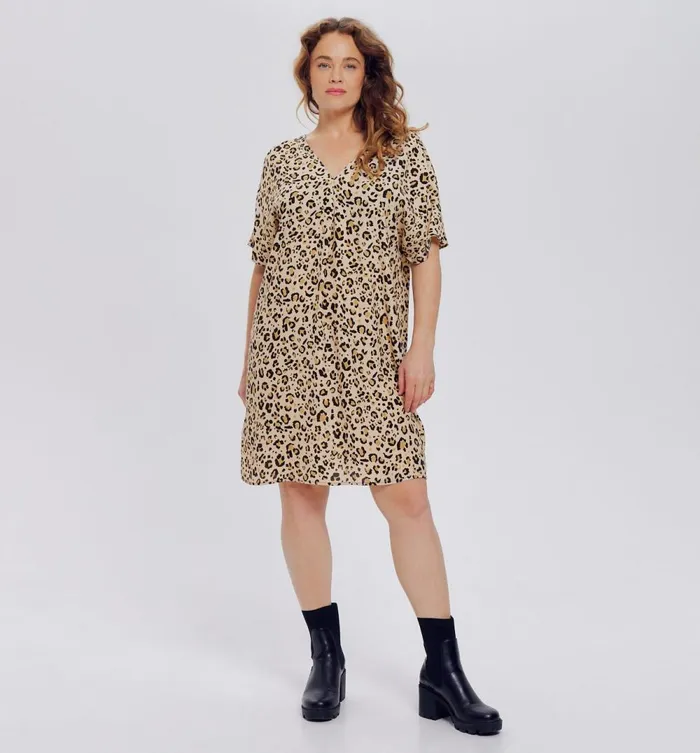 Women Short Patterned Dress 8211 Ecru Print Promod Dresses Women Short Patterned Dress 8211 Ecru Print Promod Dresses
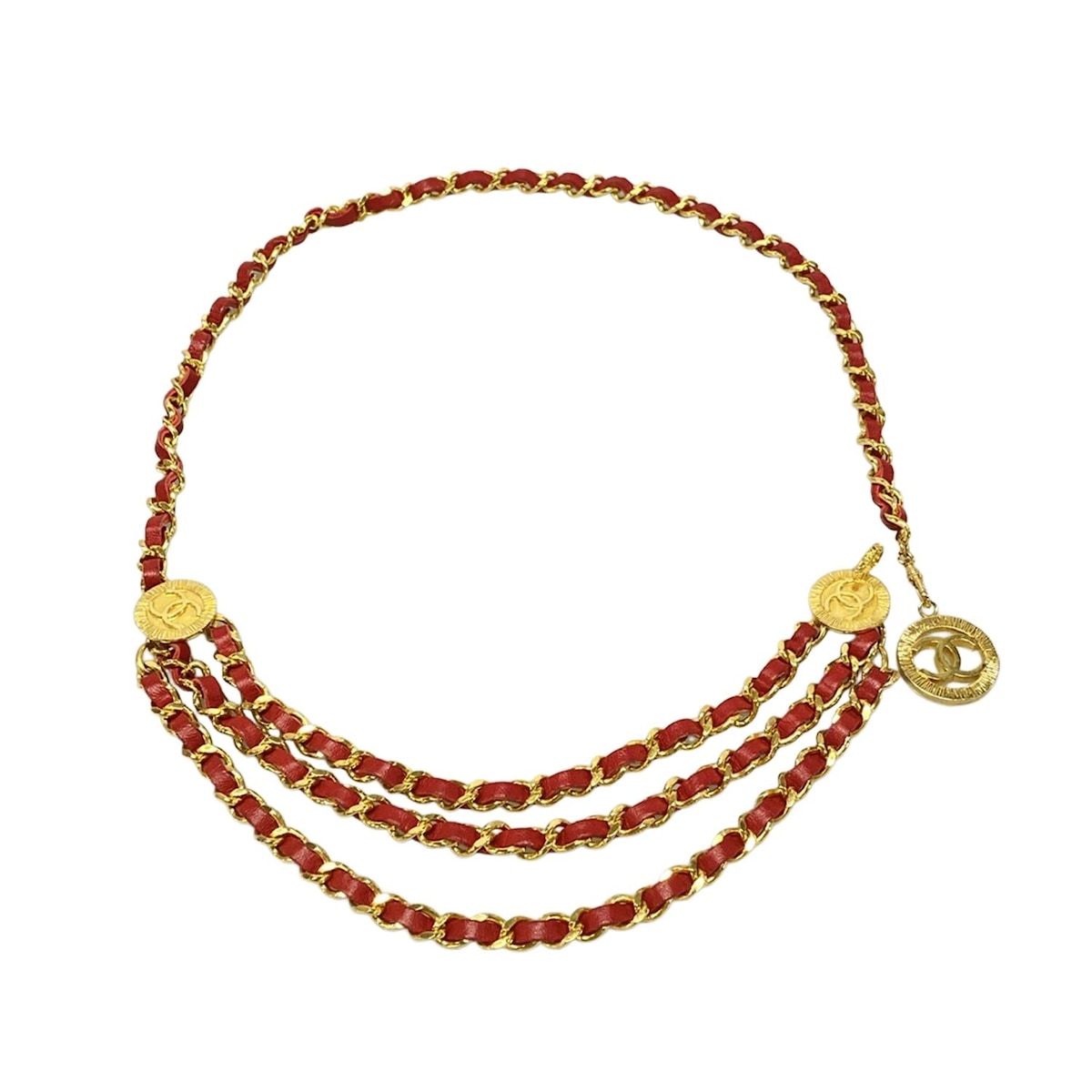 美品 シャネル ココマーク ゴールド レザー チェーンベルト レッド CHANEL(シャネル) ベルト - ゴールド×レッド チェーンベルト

^^^^

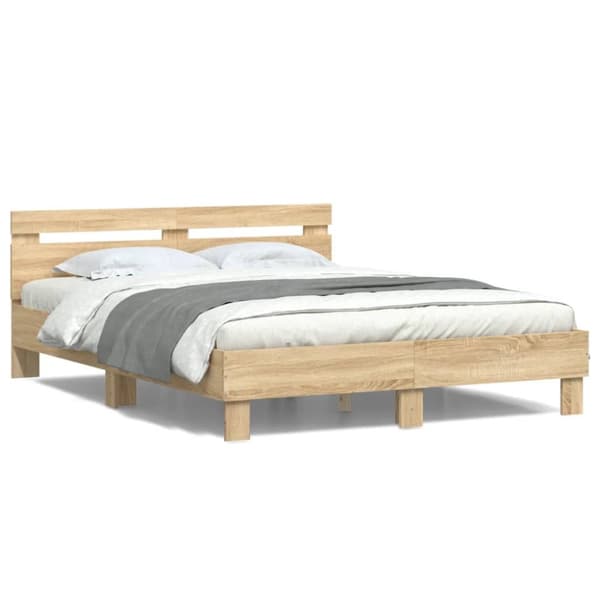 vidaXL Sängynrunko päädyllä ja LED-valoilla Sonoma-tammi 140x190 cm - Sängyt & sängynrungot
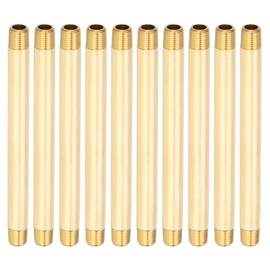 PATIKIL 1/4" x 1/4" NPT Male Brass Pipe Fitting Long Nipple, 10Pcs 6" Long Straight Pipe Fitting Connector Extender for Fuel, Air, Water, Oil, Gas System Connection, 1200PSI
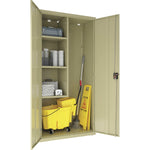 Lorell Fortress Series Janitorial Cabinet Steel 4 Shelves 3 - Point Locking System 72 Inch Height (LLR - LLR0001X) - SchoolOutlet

^^^^

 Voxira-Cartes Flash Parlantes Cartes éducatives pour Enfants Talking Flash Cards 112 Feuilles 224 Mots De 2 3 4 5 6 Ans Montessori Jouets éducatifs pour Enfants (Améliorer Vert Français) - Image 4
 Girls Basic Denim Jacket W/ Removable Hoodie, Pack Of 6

^^^^

TO DO | Taking the material above, give again exactly the lines from the one holding "System Connection, 1200PSI" through the one holding "Lorell Fortress Series", with both ends and without pictures.

ANSWER BOX |
 PATIKIL 1/4" x 1/4" NPT Male Brass Pipe Fitting Long Nipple, 10Pcs 6" Long Straight Pipe Fitting Connector Extender for Fuel, Air, Water, Oil, Gas System Connection, 1200PSI
 Lorell Fortress Series Janitorial Cabinet Steel 4 Shelves 3 - Point Locking System 72 Inch Height (LLR - LLR0001X) - SchoolOutlet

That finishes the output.